1. ## Basic : Bezier Problems

Hi Mathematician of the world,

I am trying to do a basic plot of bezier curve and my curve does not seem to fit all the 4 points by using a bezier curve. It only fits the first point and end point. I guess that is what wikipedia says. If i would like to fit all points, what do i have to do? :
(9,6)
(11,9)
(13,9)
(14,13)

I have used formulas from website such as
p1 + (p2 - p1) * t = q1
p2 + (p3 - p2) * t = q2
p3 + (p4 - p3) * t = q3

q1 + (q2 - q1) * t = r1
q2 + (q3 - q2) * t = r2

p(x) = r1 + (r2 - r1) * t
p(y) = r1 + (r2 - r1) * t

Where
0 < t < 1 : Step of 0.1
p1 = position of point number 1, in this case 9
p2 = position of point number 2, in this case 11

Here I derived all of q1, q2, q3. (Total # of points for each q is 11. Therefore there is 33 points.)
Then i derived all of r1 & r2 (Total # of points for each r is 11. Therefore there is 22 points.
and then p(x), p(y) (Total # of points for each r is 11. Therefore there is 11 points.
I am not sure what is missing here but apparently I am not doing something right here.

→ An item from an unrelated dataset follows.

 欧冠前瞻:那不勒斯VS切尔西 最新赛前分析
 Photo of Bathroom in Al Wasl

Then i tried this formula, which is the same.

and I still couldn't get the real curvy points.

Hope to hear from experts!!!

2. ## Re: Basic : Bezier Problems

I'm not familiar with Bézier curves, but from what it says on wikipedia it's not going to go through the 4 points used to generate it. The 4 points act like guide points that determine the curve, but do not lie on it.

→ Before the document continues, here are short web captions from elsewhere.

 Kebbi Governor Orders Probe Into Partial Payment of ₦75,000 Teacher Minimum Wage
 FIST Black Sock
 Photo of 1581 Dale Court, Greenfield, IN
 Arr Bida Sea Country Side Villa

If you want any arbitrary curve that goes trough any four points, you could just use a fourth degree polynomial. (That extends to n points and an n degree polynomial.)
Did you need a particular type of curve? I'm not sure I understand your question (or its context).

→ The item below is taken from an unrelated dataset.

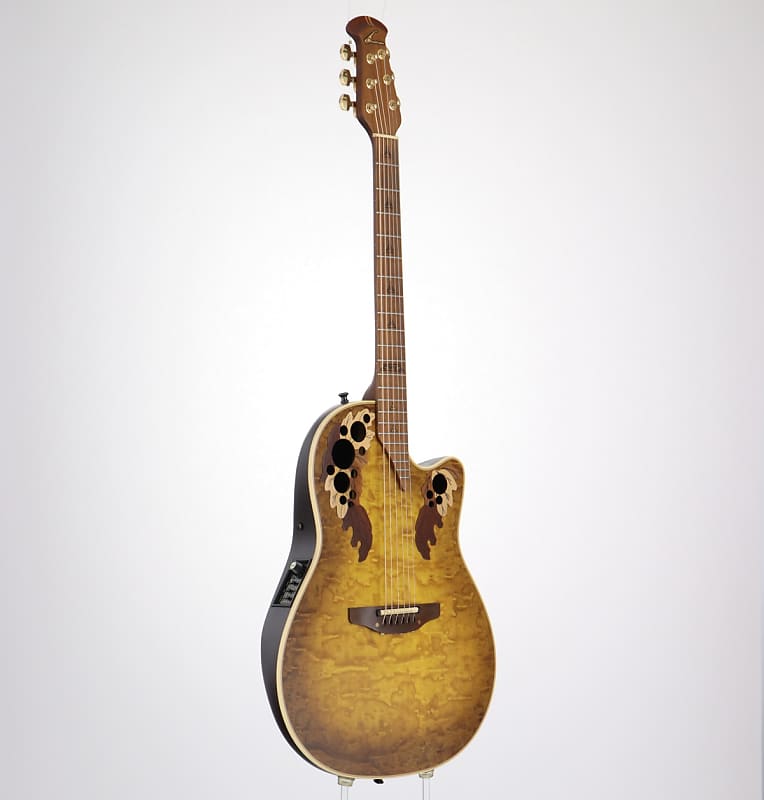 Ovation 1992 H COLLECTORS (S/N:721) (06/27) | Reverb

3. ## Re: Basic : Bezier Problems

I want to use a Bezier or Catmull-ROM to go through the 4 points. And there is a reason for it to use a bezier curve.
The example i gave in the first post apparently, the bezier curve goes through the 1st and last point but not 3rd and 4th. And i guess it creates a convex hull. Therefore, I would like to know how to find the control point for point 2 & point 3, so that the curve goes through point 1, 2,3,4.

4. ## Re: Basic : Bezier Problems

$b: [0,1] \rightarrow \mathbb{A}^2$
$b(t) = (1 - t)^3 p_0 + 3 (1 - t)^2 t p_1 + 3 (1 - t) t^2 p_2 + t^3 p_3$

Given two points $q_1, q_2$ that line on curve $b$, and given $p_0, p_3$, find $p_1, p_2$.

If we let $b(t_1) = q_1, b(t_2) = q_2$, then
$q_1 = (1 - t_1)^3 p_0 + 3 (1 - t_1)^2 t_1 p_1 + 3 (1 - t_1) t_1^2 p_2 + t_1^3 p_3$
$q_2 = (1 - t_2)^3 p_0 + 3 (1 - t_2)^2 t_2 p_1 + 3 (1 - t_2) t_2^2 p_2 + t_2^3 p_3$

We now have two equations and two variables to solve for. The answers will be in terms of $p_0, q_1, t_1, q_2, t_2, p_3$, and I'm not sure how to go about deriving $t_1, t_2$ from $q_1, q_2$, but I hope it's a start.